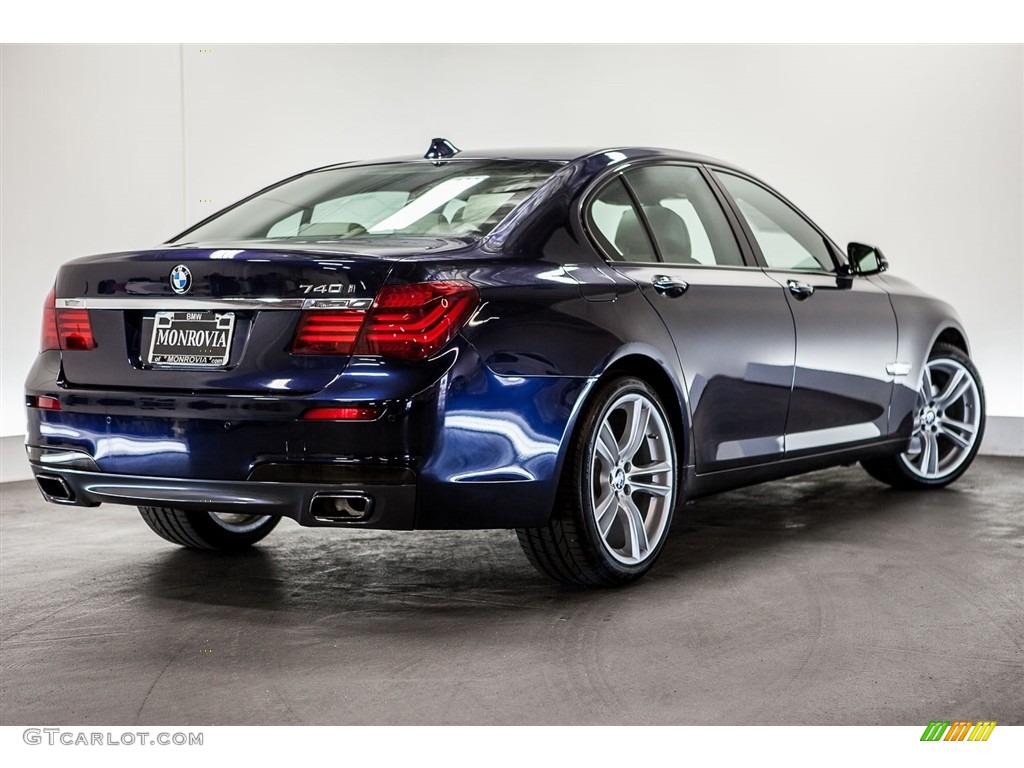 2013 7 Series 740i Sedan - Imperial Blue Metallic / Ivory White/Black photo #14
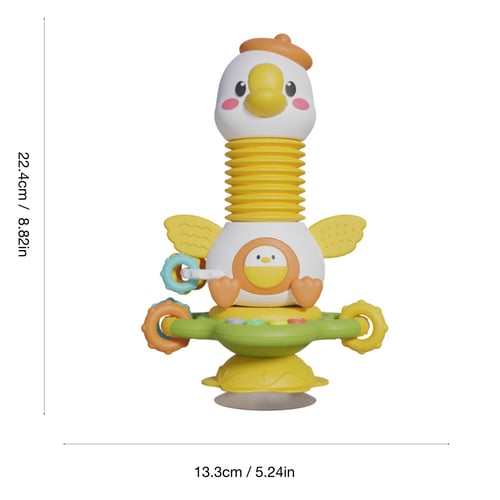 3pcs Baby Feeding Rattles Ocean Series Plaything Rattle Toys with Suction  Cups Children Rattle Table Toy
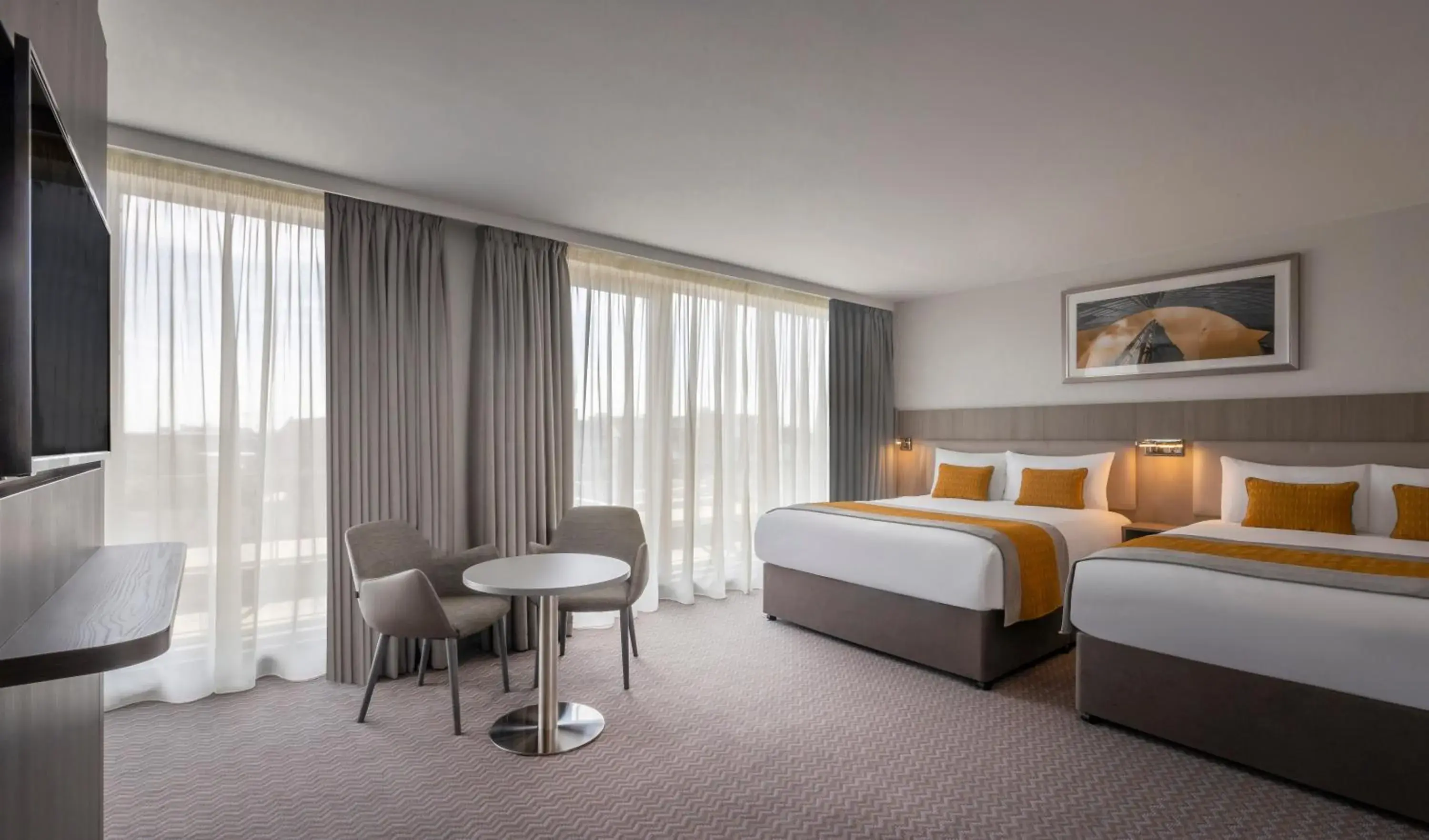 Bedroom, Bed in Maldron Hotel Smithfield Dublin City Bedroom, Bed in Maldron Hotel Smithfield Dublin City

▶ **Action item**
Please copy the data above exactly, omitting the pictures.

▶ **Your response**
 2013 7 Series 740i Sedan - Imperial Blue Metallic / Ivory White/Black photo #14
 3pcs Baby Feeding Rattles Ocean Series Plaything Rattle Toys with Suction  Cups Children Rattle Table Toy
 Bedroom, Bed in Maldron Hotel Smithfield Dublin City Bedroom, Bed in Maldron Hotel Smithfield Dublin City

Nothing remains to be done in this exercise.